Im Gare du Neuss Benefizabend für die Ukraine mit Mona Neubaur

Neuss · Zu einem Benefizabend zugunsten der Ukraine hatten am Mittwochabend die IHK Mittlerer Niederrhein, das Generalkonsulat der Ukraine in Düsseldorf und der Verein Neuss hilft in den Gare du Neuss eingeladen.

 „Love & Light“ war das Motto des Benefizabends für die Ukraine im Gare du Neuss mit Mona Neubaur (Mitte).

„Love & Light“ war das Motto des Benefizabends für die Ukraine im Gare du Neuss mit Mona Neubaur (Mitte).

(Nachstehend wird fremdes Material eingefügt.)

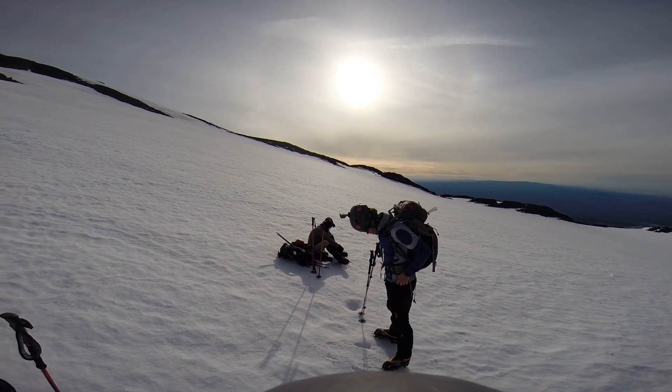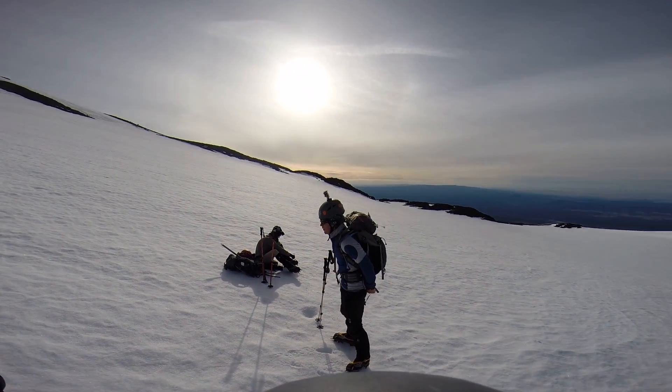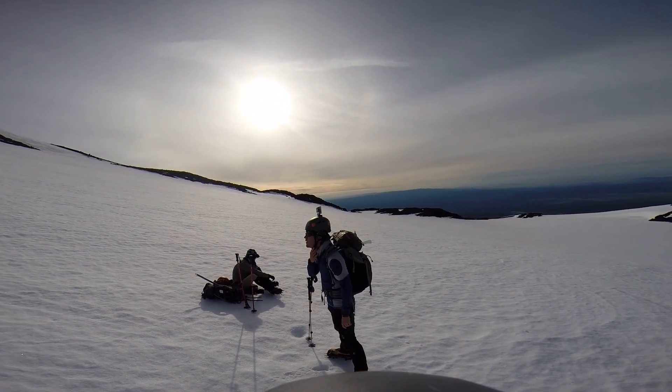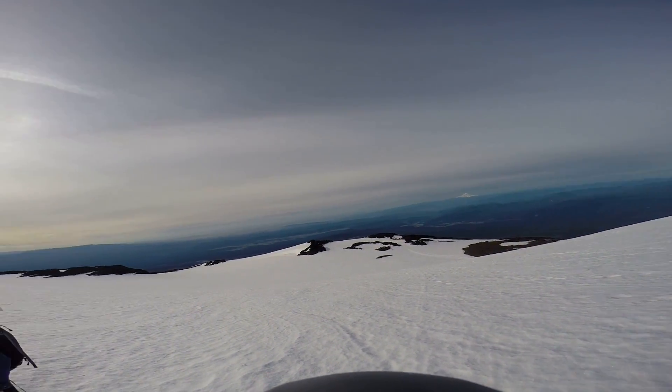Well, here we are up on top of Adams. We've got the crampons on. We have a roll up top. Came from base camp down there. And you can see Hood across the valley.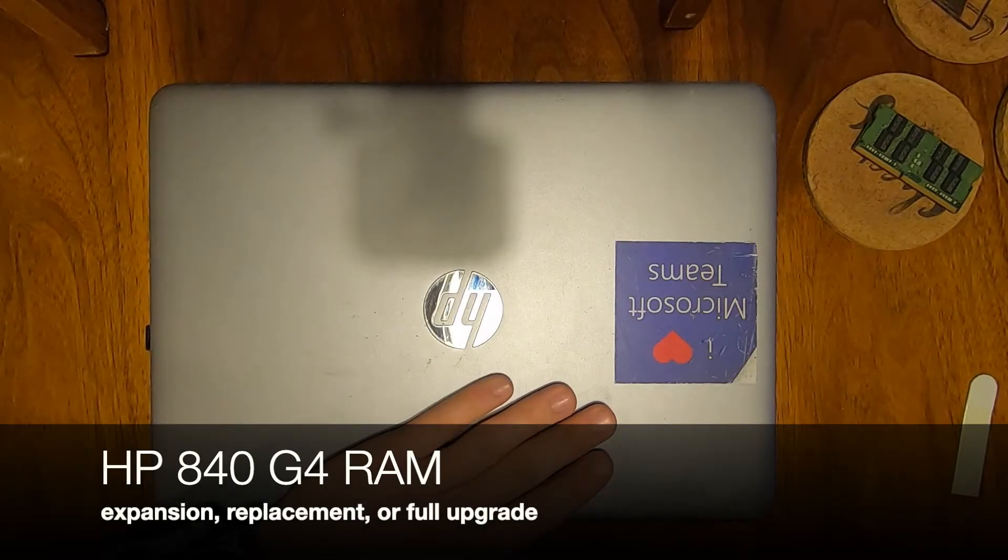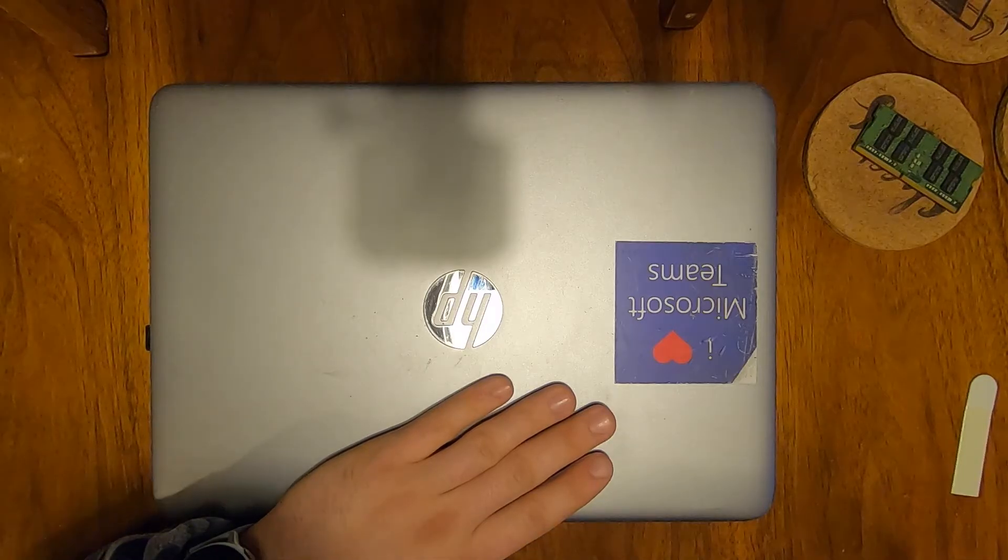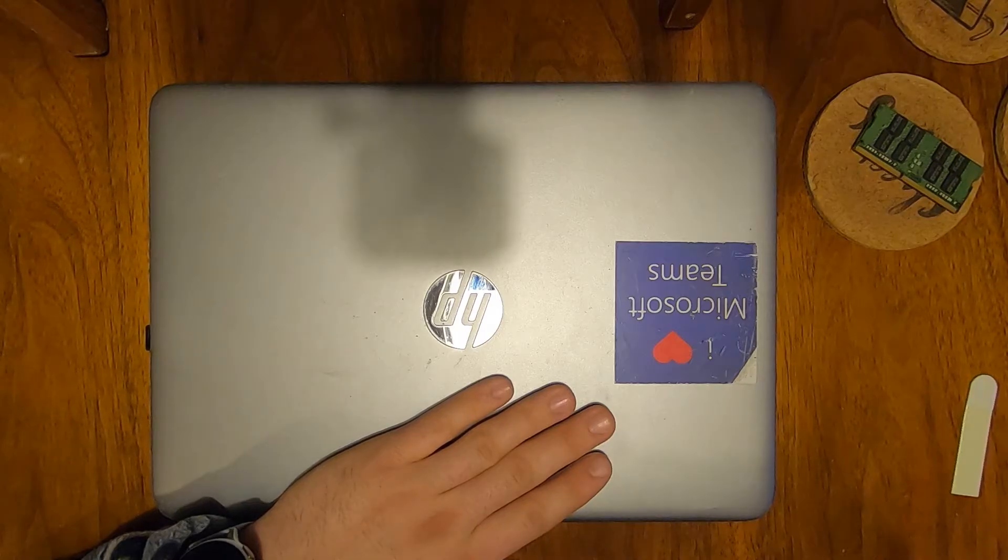This video is about an HP 840 G4 RAM memory expansion. These are typically company-issued laptops, and if you're running any type of large memory-intensive programs, it's pretty easy to justify expanding the RAM from 4 or 8 to 16 or 32 gigs.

Foto: Andreas Woitschützke

Die Schirmfrau der Veranstaltung, NRW-Wirtschaftsministerin Mona Neubaur, betonte, dass es gut und richtig sei, sich humanitär zu engagieren und noch besser, den Handel zu unterstützen, am Leben zu halten und aufzubauen, damit die Ukraine ein Teil Europas werden könne. „Wir werden nicht aufhören, das Land mit allen Mitteln zu unterstützen, bis freigewählte Abgeordnete mitbestimmen können, was in Europa passiert,“ so die Politikerin. „Stur und trotzig wie die Soldatinnen und Soldaten, die in der Ukraine für die Werte Europas – Freiheit, Gerechtigkeit und Solidarität – kämpfen, werden wir unsere Hilfe leisten.“ Sie stellte die „beeindruckende Logistik“ der Vereine Neuss Hilft und dem Blau-Gelben Kreuz aus Köln heraus und lobte die Zusammenarbeit der verschiedenen Hilfsorganisationen.

Gut 300 Gäste genossen neben guten Gesprächen Wein und Speisen aus der Ukraine. Ukrainische Live-Musik und ein DJ sorgten für die musikalische Untermalung in der Eventlocation, die Hausherr Kay Schloßmacher – gemäß dem Motto des Abends „Love & Light“ - stimmungsvoll dekoriert und eingedeckt hatte.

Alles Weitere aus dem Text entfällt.